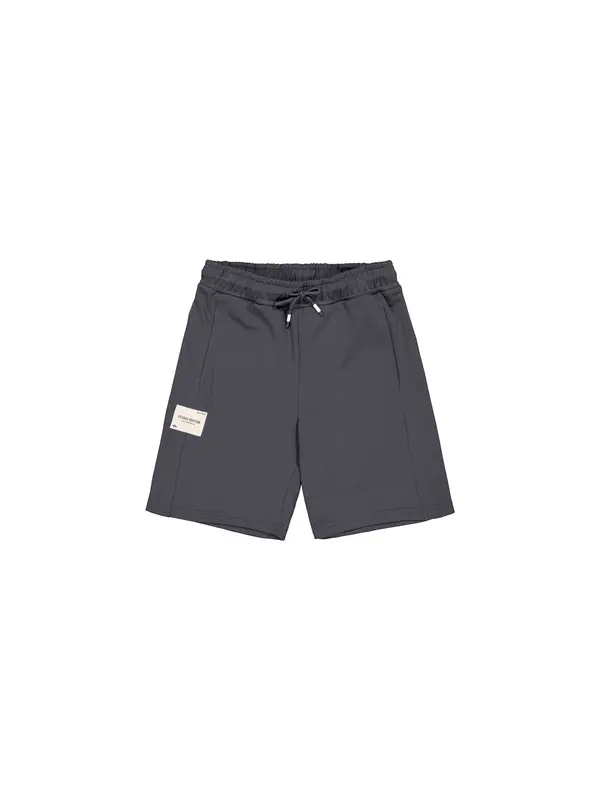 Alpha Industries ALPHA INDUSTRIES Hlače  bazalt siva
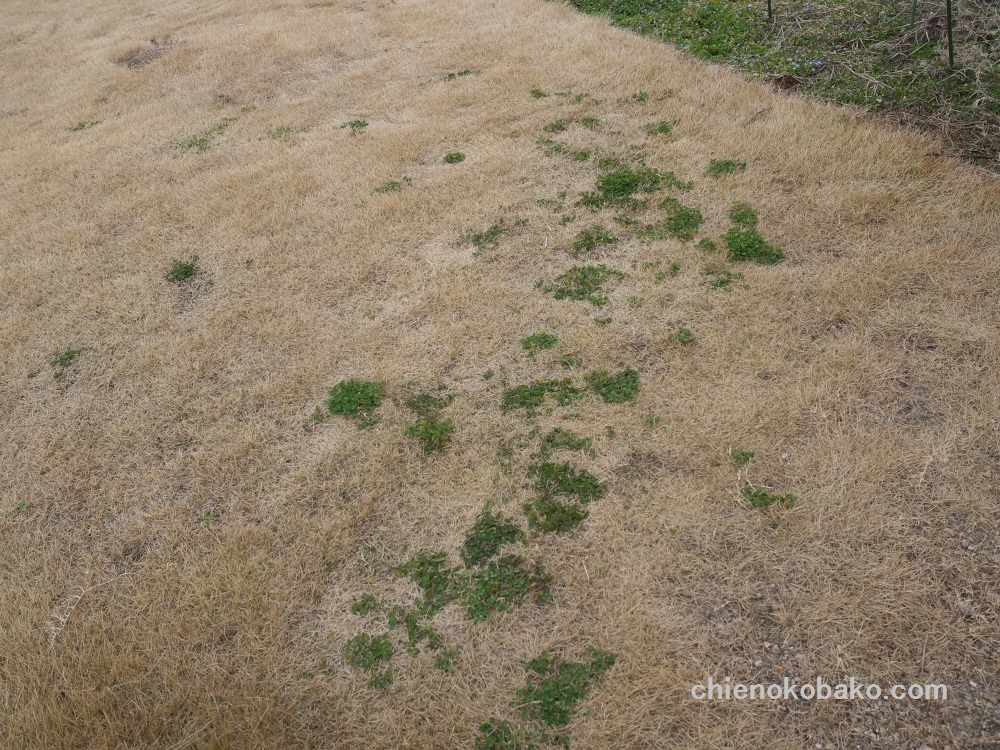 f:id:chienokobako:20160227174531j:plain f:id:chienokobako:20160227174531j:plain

- - - -

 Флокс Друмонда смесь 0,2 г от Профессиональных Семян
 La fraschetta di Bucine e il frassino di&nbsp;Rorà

- - - -

*TASK STATEMENT*
The lines to extract from the data above begin with the line containing "Флокс Друмонда смесь" and end with the line containing "La fraschetta di". Extract them exactly, including both.

*OUTPUT OF THE EXERCISE*
 Флокс Друмонда смесь 0,2 г от Профессиональных Семян
 La fraschetta di Bucine e il frassino di&nbsp;Rorà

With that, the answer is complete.